—Vive por allá arriba—indicó la Crescencia—, orilla en ca los Paúles.

—¡Quiá, no, señora! Eso era antes. Yo lo sé todo—prosiguió la Burlada, haciendo presa en el aire con sus uñas—. A mí no me la da ésa, y he tomado lenguas. Vive en Cuatro Caminos, donde tiene corral, y en él cría, con perdón, un cerdo; sin agraviar a nadie, el mejor cerdo de Cuatro Caminos.

—¿Ha visto usted la jorobada que viene por ella?

—¿Que si la he visto? Esa cree que semos bobas. La corcovada es su hija, y por más señas costurera, ¿sabes?, y con achaque de la joroba, pide también. Pero es modista, y gana dinero para casa... Total, que allí son ricos, el Señor me perdone; ricos sinvergonzonazos, que engañan a nosotras y a la Santa Iglesia católica, apostólica. Y como no gasta nada en comer, porque tiene dos o tres casas de donde le traen todos los días los cazolones de cocido, que es la gloria de Dios... ¡a ver!

—Ayer—dijo Demetria quitándole la teta a la niña—, bien lo vide. Le trajeron...

—¿Qué?

—Pues un arroz con almejas, que lo menos había para siete personas.

—¡A ver!... ¿Estás segura de que era con almejas? ¿Y qué, golía bien?

—¡Vaya si golía!... Los cazolones los tiene en ca el sacristán. Allí vienen y se los llenan, y hala con todo para Cuatro Caminos.

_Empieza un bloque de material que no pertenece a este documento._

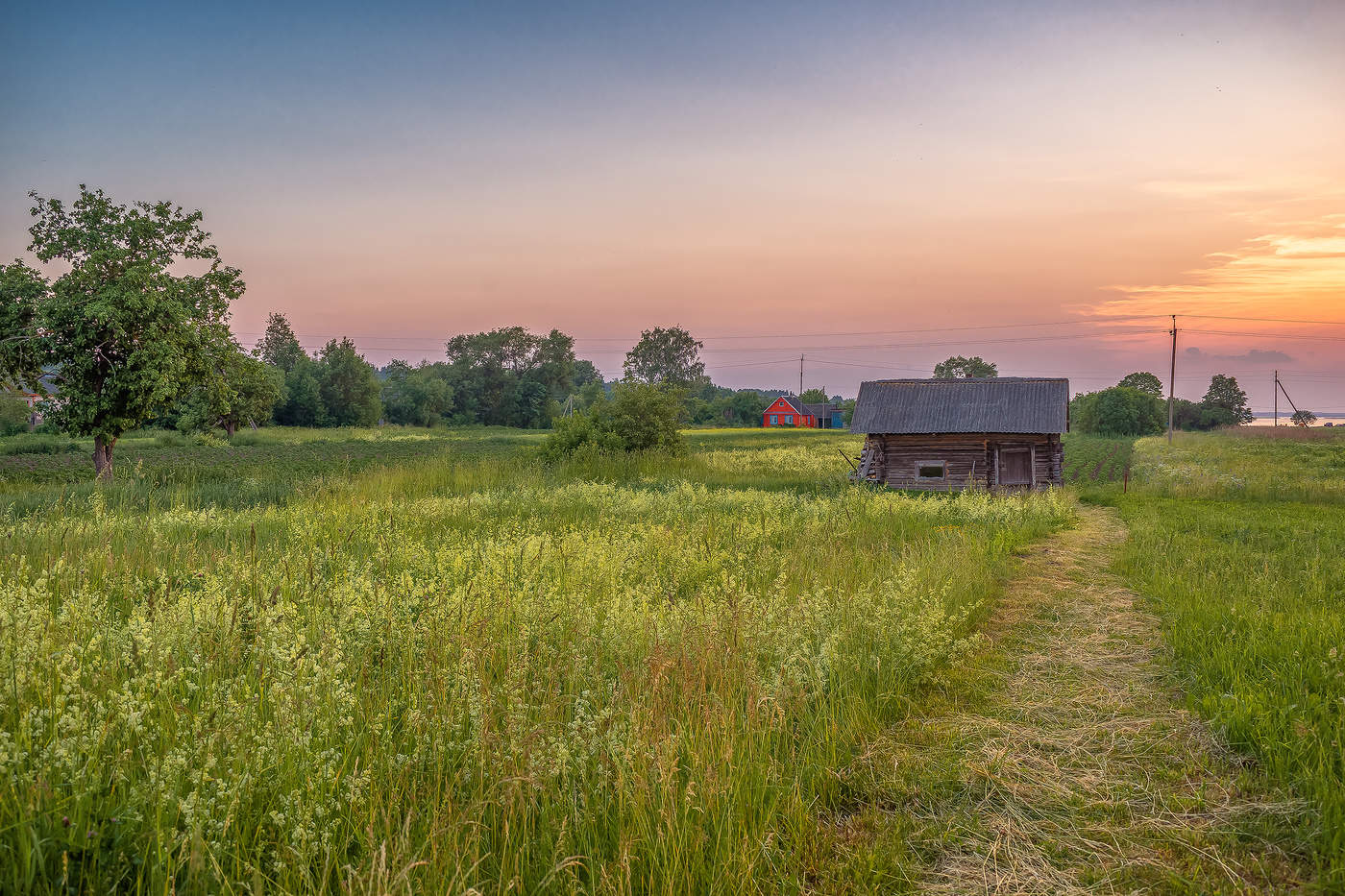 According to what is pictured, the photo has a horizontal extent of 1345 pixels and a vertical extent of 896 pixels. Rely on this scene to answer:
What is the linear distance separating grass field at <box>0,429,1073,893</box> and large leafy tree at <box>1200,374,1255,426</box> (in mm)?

—El marido...—añadió la Burlada echando lumbre por los ojos—, es uno que vende teas y perejil... Ha sido melitar, y tiene siete cruces sencillas y una con cinco riales... Ya ves qué familia. Y aquí me tienes que hoy no he comido más que un corrusco de pan; y si esta noche no me da cobijo la Ricarda en el cajón de Chamberí, tendré que quedarme al santo raso. ¿Tú qué dices, Almudena?